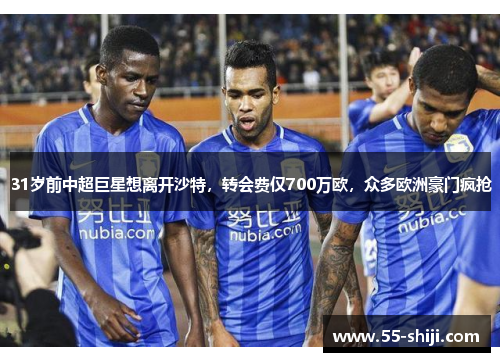 31岁前中超巨星想离开沙特，转会费仅700万欧，众多欧洲豪门疯抢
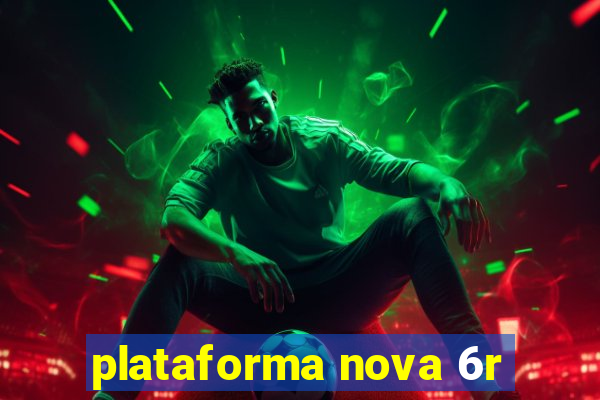 plataforma nova 6r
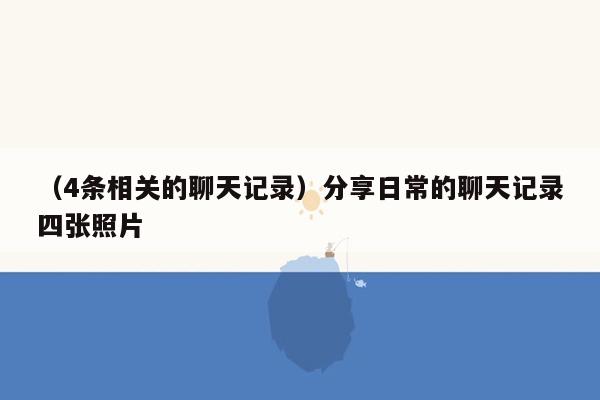 （4条相关的聊天记录）分享日常的聊天记录四张照片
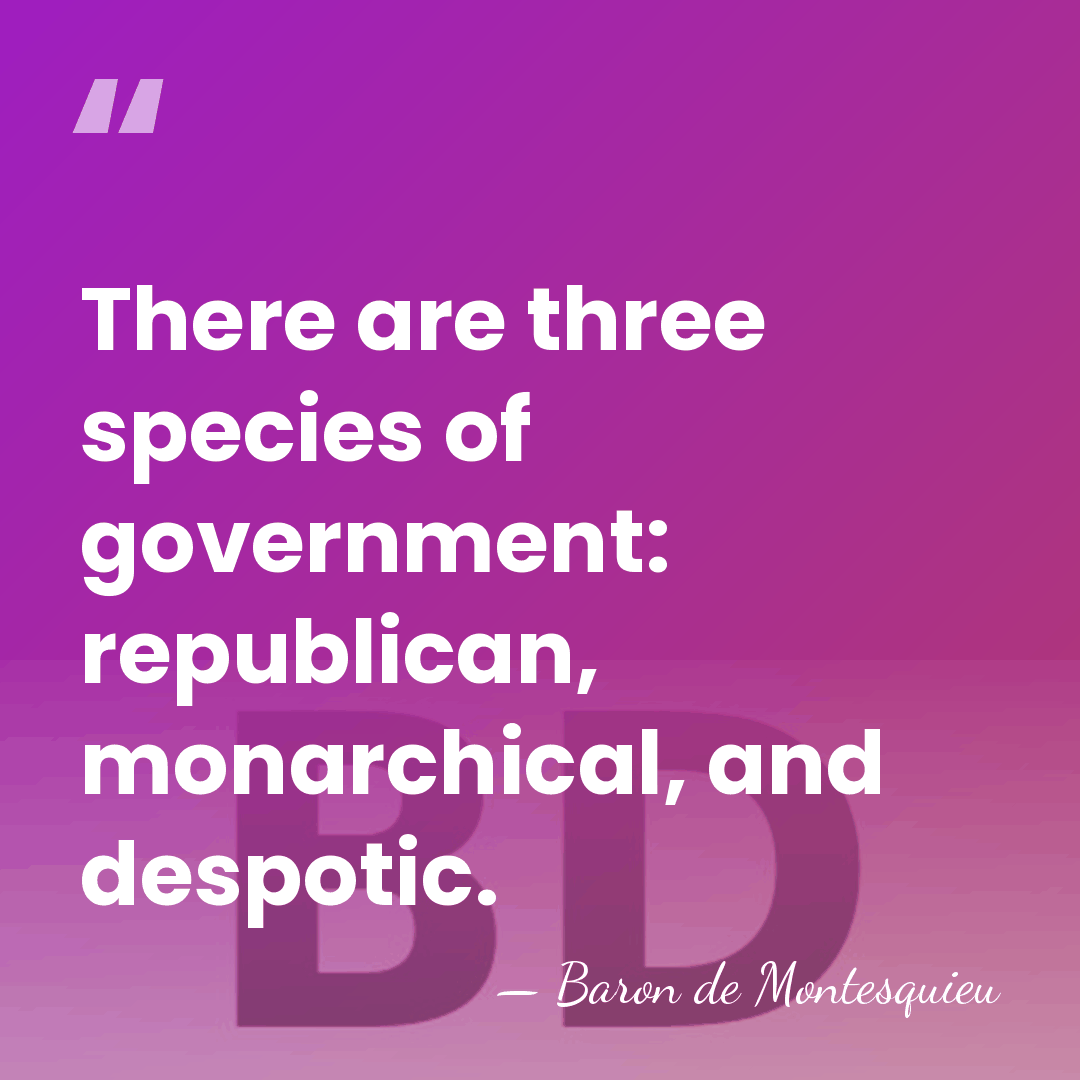 There are three species of government: republican, monarchical, and despotic. - Baron de Montesquieu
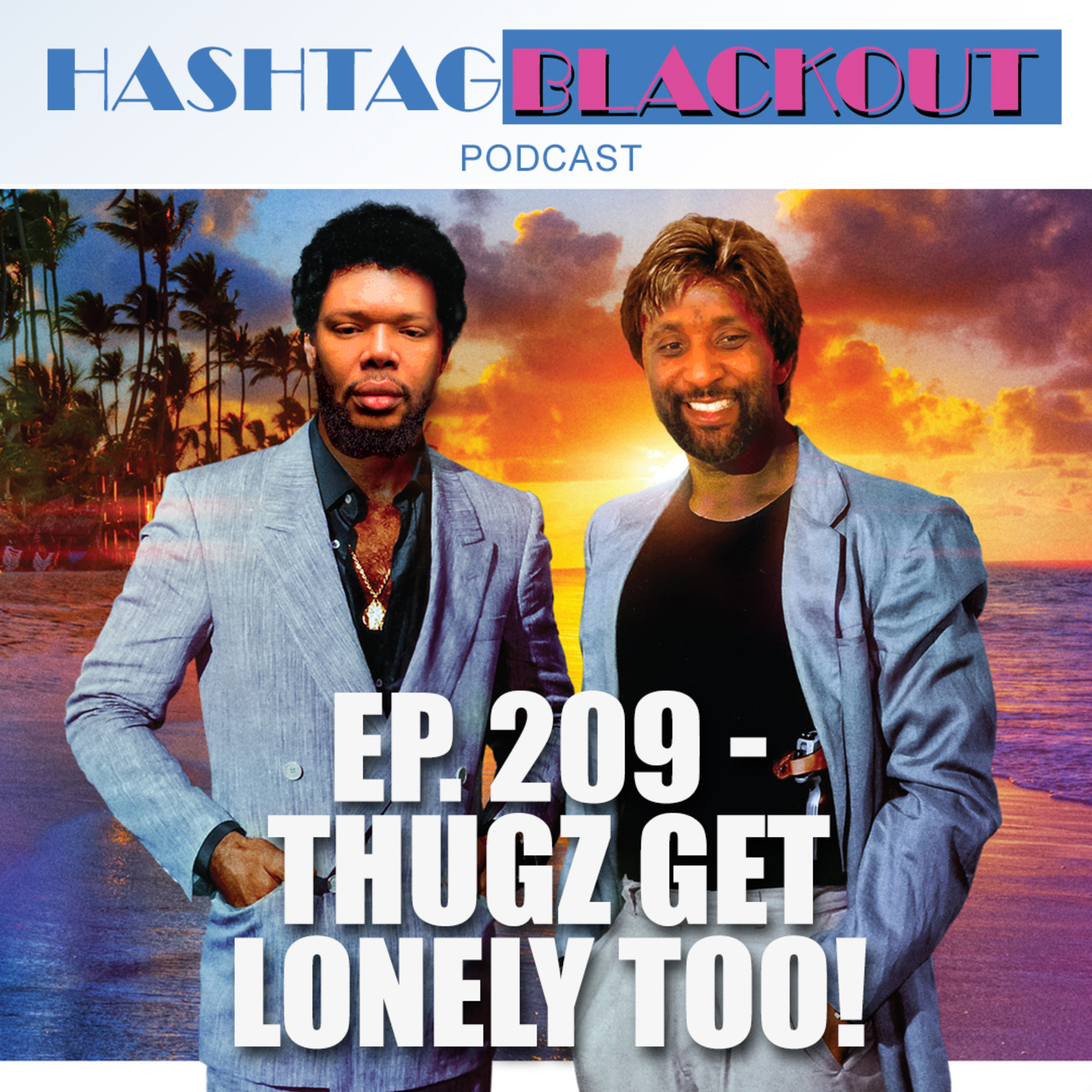 Hashtag Blackout Podcast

═══

What you have to do: All the lines above must be written out exactly, without a single picture.

Written solution:
 31岁前中超巨星想离开沙特，转会费仅700万欧，众多欧洲豪门疯抢
 plataforma nova 6r
 （4条相关的聊天记录）分享日常的聊天记录四张照片
 There are three species of government: republican, monarchical, and despotic. - Baron de Montesquieu
 Hashtag Blackout Podcast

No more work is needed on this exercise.